Going to make known ones intentions bearing gifts to the bride’s family is one, discussing the time the main event will take place is another inclusive of the list given to the grooms family to provide at the next meeting.
For the main traditional union of boy meets girl that seals the deal between these two, called Igbankwu, for the Igbo’s or Fitihah in Hausa, and Igbe Iyawo in Yoruba. It is here that the disparity begins to arise.
Igbe Iyawo just like others is done with deep-rooted meaning and calculated intention. The engagement for the Yoruba is an essential part of the union which is mostly spearheaded by the Alaga taking the role of the MC with her poise and sense of humor she drives the smooth running of the event being a traditional custodian to ensure that all is done in the right manner.
Like dance drama with lots of symbolic actions in between the entrance of the groom begins the rich cultural display as he dances in flanked by his friends as they all humbly prostates in respect and honor before his in-laws then the second prostrate he does alone which comes with showers of prayers from his in-laws.
The Yoruba mode of tradition is stagy in every way, like sitting down and watching a live performance at the theatre as two love birds become one. You have the writing of letter by the groom to the bride which is read out for all to hear as well as the bride ready with her response in form of a letter too these actions are done by delegates from the bride and grooms family.
The Yoruba and the Hausa brides have semblance with having the bride’s face veiled and is later unveiled at the right time during the ceremony by the appropriate persons, a system that is not done by the Igbo’s at “Igba nkwu”. But the dramatic display of the Igbankwu is mainly with the bride seeking her groom; she graciously dances to the delight of her guests as she carries palmwine in a gourd cup in search of her husband in the crowd while having other eligible bachelors trying to draw her attention their way. The gods of the land are present in spirit and are represented through the Umunna who come out in mass to give out their daughter in marriage.
The use of Asoebi; a borrowed Yoruba word is used to coordinate colours at the event and to differentiate the bride’s family from the groom’s family. It is a colorful coordinated traditional attire worn by families and friends. The listed ethnic groups all adopt this color scheme pattern in their arrangement especially white which has found its way in the heart of many Yoruba wedding settings accompanied though with other colours. Another is the list. Everyone has a list from the bride’s family.

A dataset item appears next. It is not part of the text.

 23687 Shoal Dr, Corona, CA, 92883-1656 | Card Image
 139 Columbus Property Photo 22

This can be monetised if need be and can also be bargained. The list includes foods items and drinks with the list varying from one tribe to another. The Yorubas’ have on their list a fruit basket for the bride with the significant presence of the pineapple with represents the patience and resilience. While the Igbos cannot begin their celebration without the breaking of the kolanut as it is said “he who brings kolanut brings life”.
Do you know that the disparity does not end at the traditional union of the bride and groom? As for the Igbos who are known for Omugwo, this tradition juxtapose the Yoruba’s belief as the groom’s mother is the one who takes care of her daughter-in-law after when she gives birth unlike the case of Igbo customs.

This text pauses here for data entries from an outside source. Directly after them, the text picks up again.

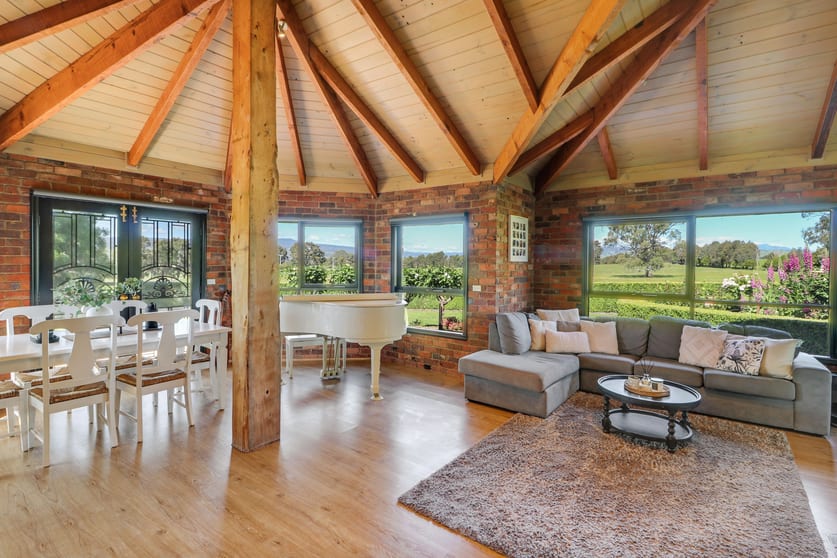 Click to view all images 290 Barwite Road Mansfield VIC 3722 - Image 2
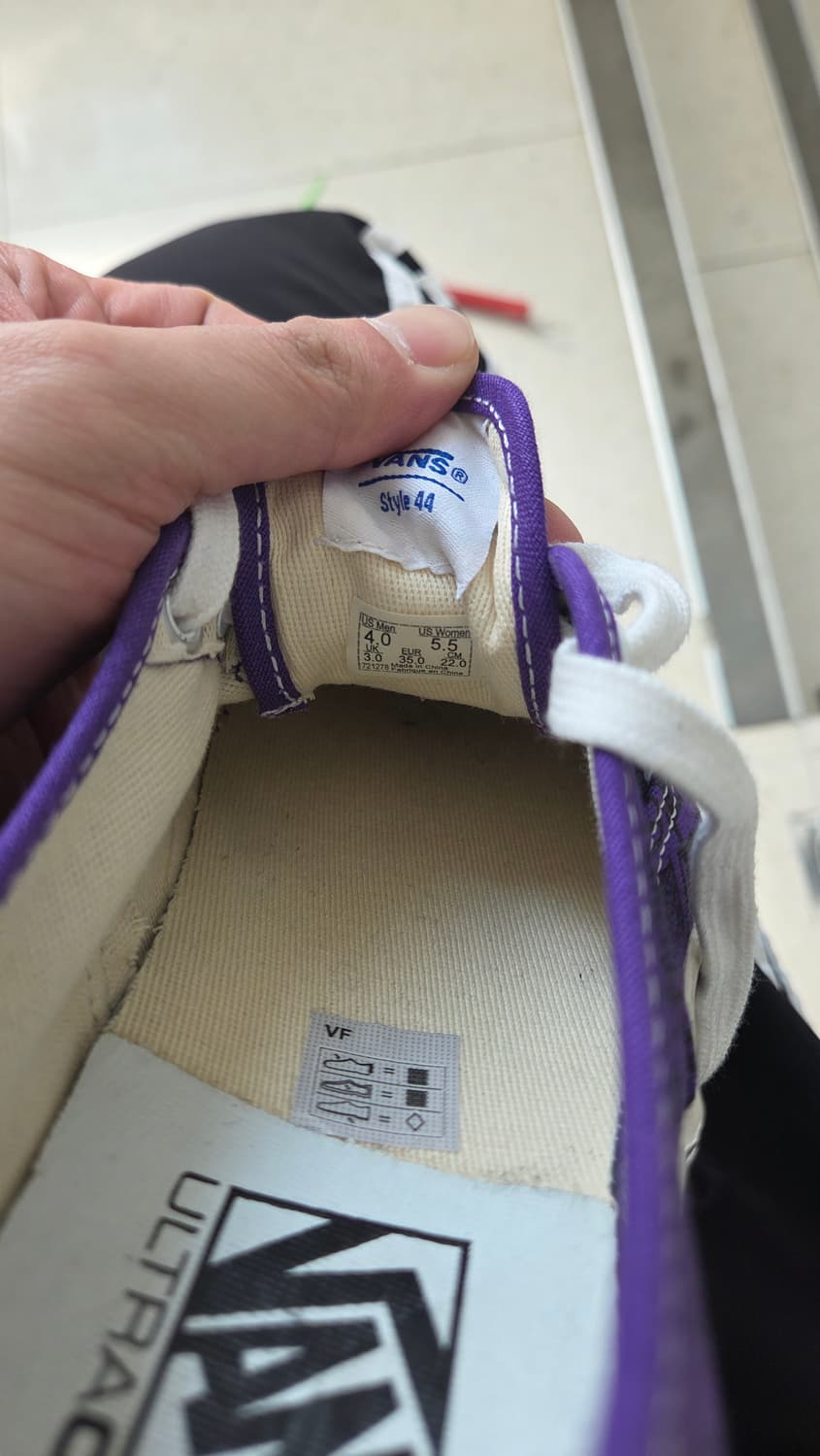 반스 ULTRACUSH 220 상품이미지4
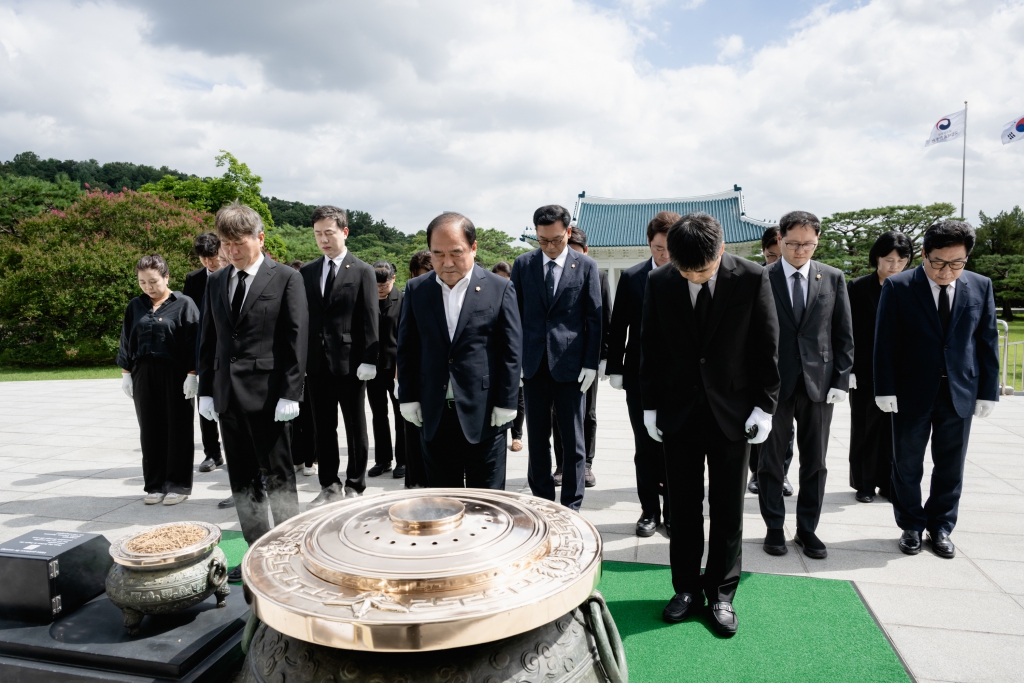 현충원 참배 이미지(8)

Yet again the Igbo and Yoruba are more exorbitant to arrange for the elaborate nature of both whereas the Hausa is often times simple and easier to handle though theirs is primarily guide by the principles of Islam.
Interestingly, the exchange of vows is done by proxy and not by the bride and grooms themselves. Perfume is an element used by the Hausas’ which does not feature at Igbankwu or Igbe Iyawo.
The traditional wedding is a test of the man’s capability to take care of his wife and family and family which many of the gifts showered and the actions carried out metaphorically represents.